[ExI] antimatter asymmetries
Damien Broderick
thespike at satx.rr.com
Fri Mar 21 21:18:03 UTC 2008
[apologies for the baby talk]
New twist to matter-antimatter mystery
Thursday, 20 March 2008
by Ker Than
Cosmos Online
NEW YORK: A new particle-smashing experiment has
uncovered surprising evidence that nature treats
matter and antimatter differently.
The findings, detailed today in the U.K. journal
Nature, suggests that a complete solution to the
mystery of why the observable universe is
dominated by matter, and not antimatter, may have
to await the discovery of novel particles or the invention of new physics.
Antimatter is the weird twin of matter. For every
particle of normal matter, there is a particle of
equal mass but opposite electric charge. When a
normal particle and an anti-particle collide,
they annihilate one another in an explosion of pure energy.
Weird twin
According to the standard model of physics,
matter and antimatter were created in equal
quantities shortly after the Big Bang. The two
types of particles should have thus cancelled
each other out and the universe should be permeated by energy.

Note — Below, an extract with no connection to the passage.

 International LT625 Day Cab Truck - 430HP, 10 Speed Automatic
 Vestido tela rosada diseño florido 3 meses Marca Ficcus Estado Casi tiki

But as our existence attests, that did not
happen. Experiments suggests the universe today
is composed of about 75 per cent dark energy, 20
per cent dark matter, and five per cent
matter/antimatter, with the overwhelming bulk of
the latter consisting of normal matter.
A major mystery of modern physics is why normal
matter particles are the building blocks of the
observable universe. Why are we not made of
antimatter? Or pure energy? Scientists speculate
that a tiny imbalance in the early universe
allowed a small fraction of normal matter one
particle for every one billion to avoid
annihilation and survive to form stars, planets, and humans.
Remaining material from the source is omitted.